Stored items from a collection:
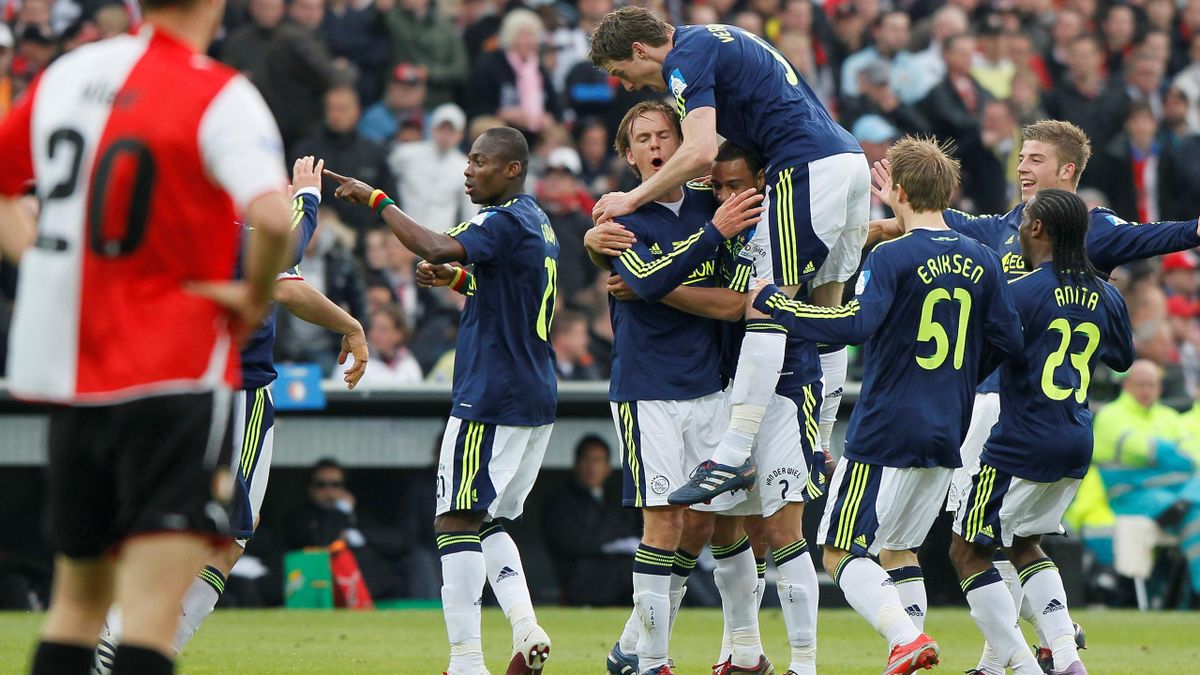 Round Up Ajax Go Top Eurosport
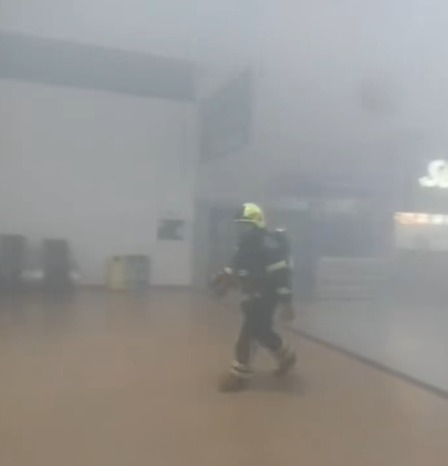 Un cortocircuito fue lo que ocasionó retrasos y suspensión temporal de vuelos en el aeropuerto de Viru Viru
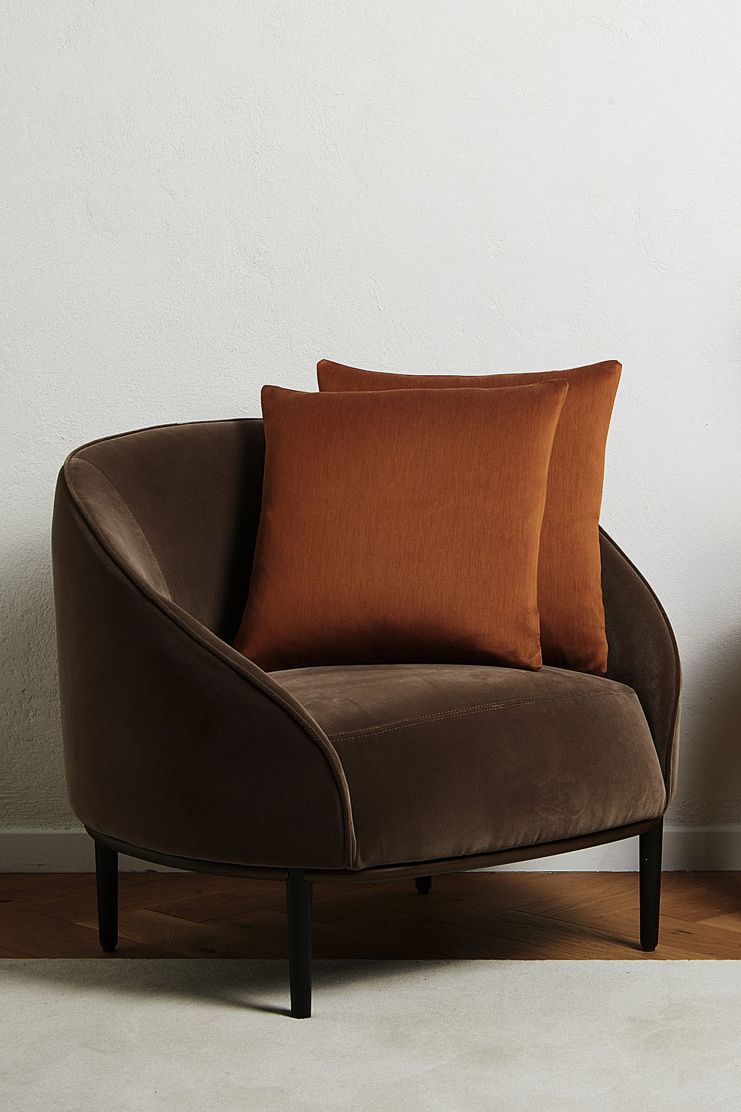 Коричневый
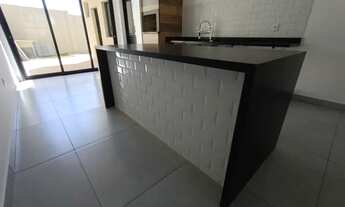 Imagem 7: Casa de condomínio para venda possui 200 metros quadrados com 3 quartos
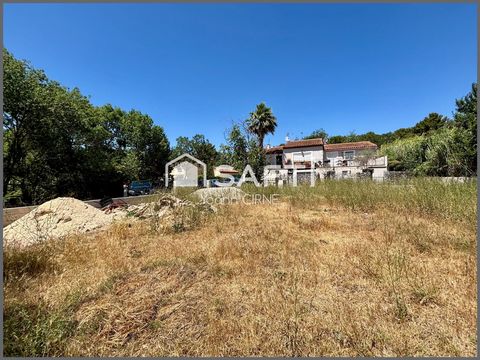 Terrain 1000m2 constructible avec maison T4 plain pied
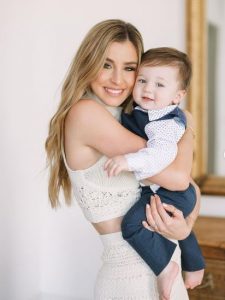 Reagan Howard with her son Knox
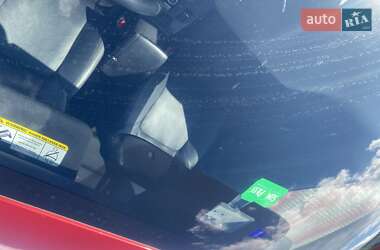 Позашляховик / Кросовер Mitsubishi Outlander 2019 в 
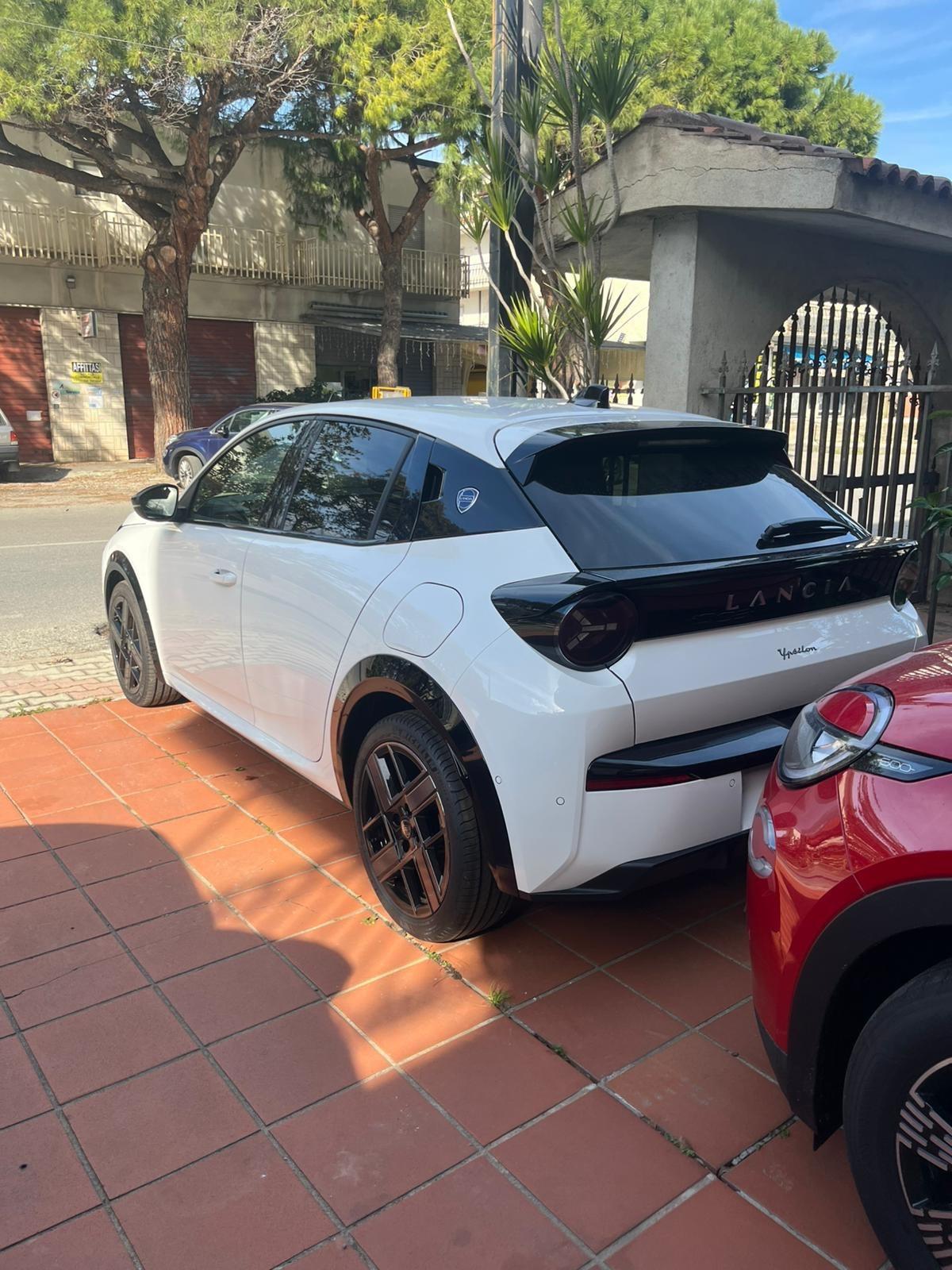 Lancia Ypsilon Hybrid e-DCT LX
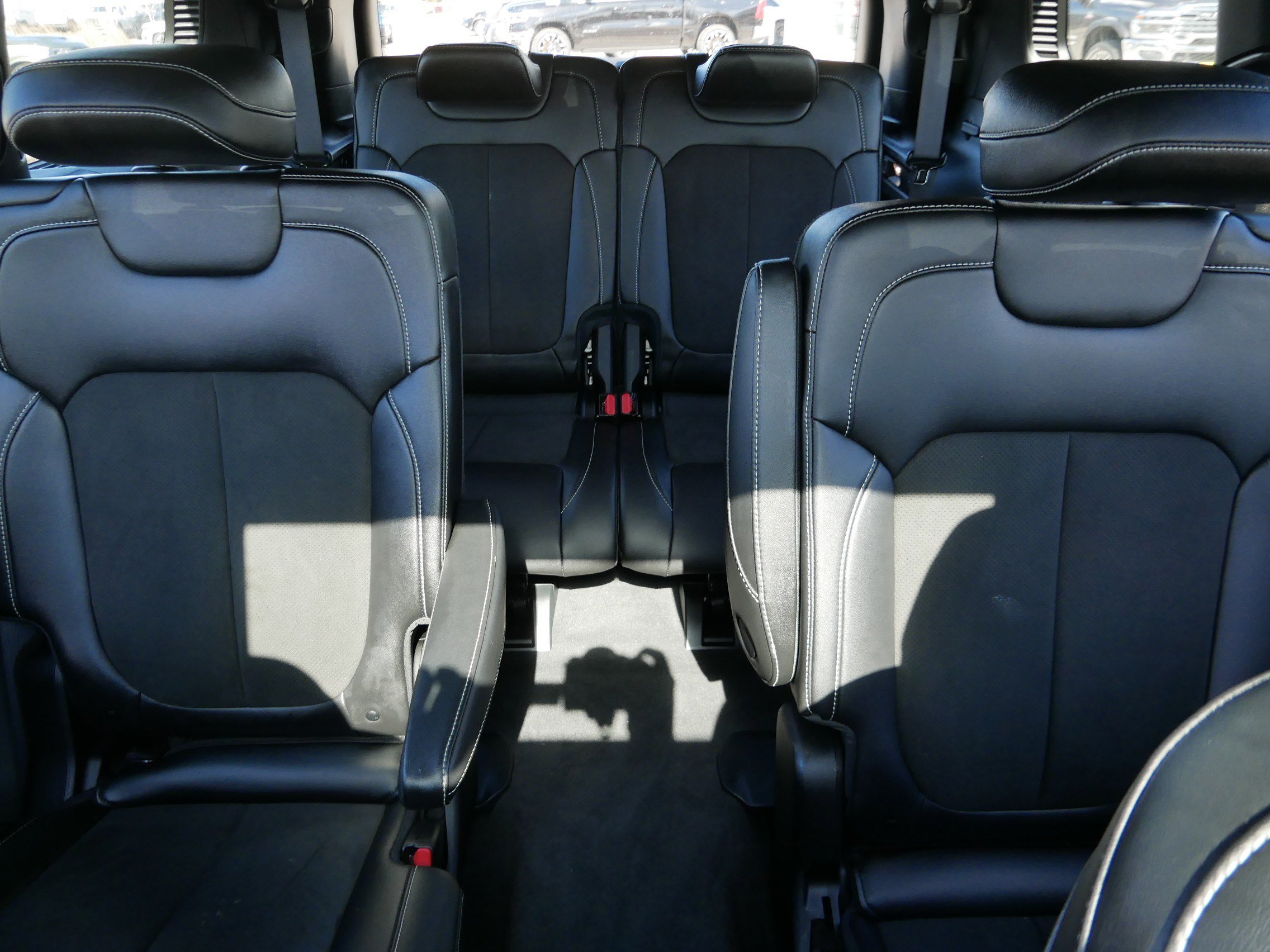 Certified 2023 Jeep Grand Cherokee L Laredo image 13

Your task: In the answer, include exactly the lines from the one containing "Позашляховик / Кросовер" through the end of the records above and no pictures at all.

Task response:
 Позашляховик / Кросовер Mitsubishi Outlander 2019 в 
 Lancia Ypsilon Hybrid e-DCT LX
 Certified 2023 Jeep Grand Cherokee L Laredo image 13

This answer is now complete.